= REQUIRED ACTION =
Please transcribe the listing that follows exactly; images are to be excluded.

= SOURCE MATERIAL =
== Segment start ==

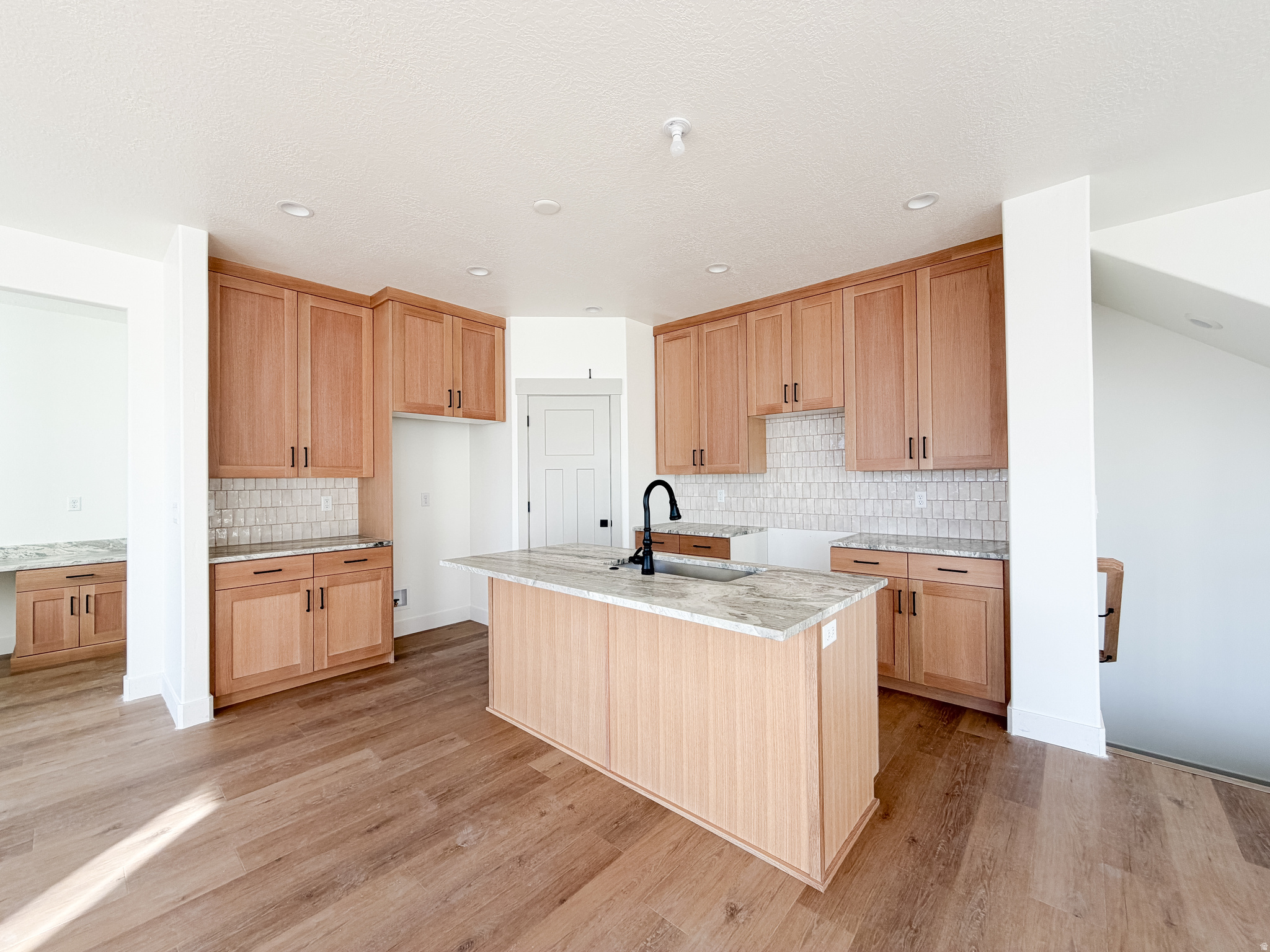 HIDDEN OAKS - Residential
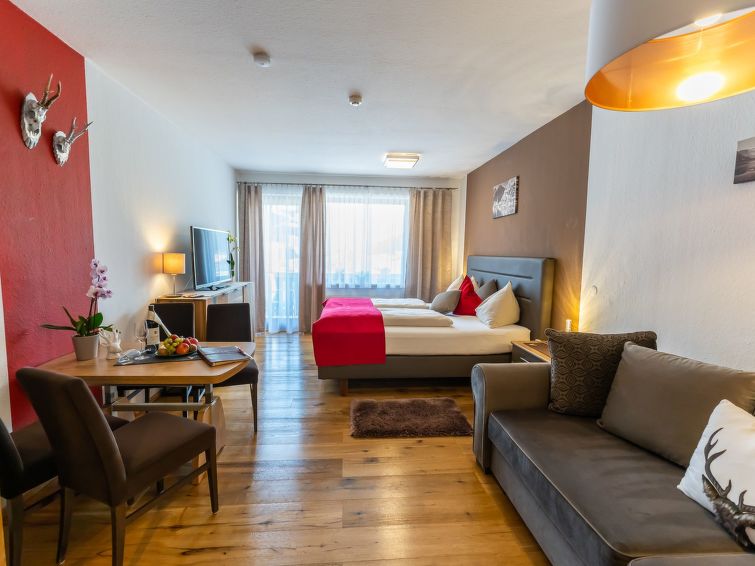 Centraal gelegen appartement in Gosau met sauna en bergzicht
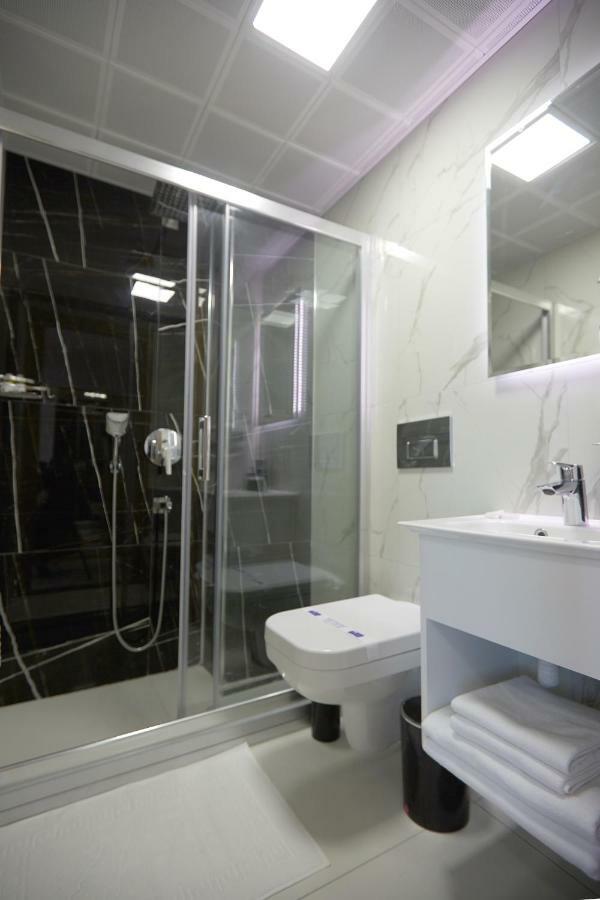 Kartal Palace Taksim Square Family Hotel 이스탄불 외부 사진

== Segment end ==

= EXERCISE OUTPUT =
 HIDDEN OAKS - Residential
 Centraal gelegen appartement in Gosau met sauna en bergzicht
 Kartal Palace Taksim Square Family Hotel 이스탄불 외부 사진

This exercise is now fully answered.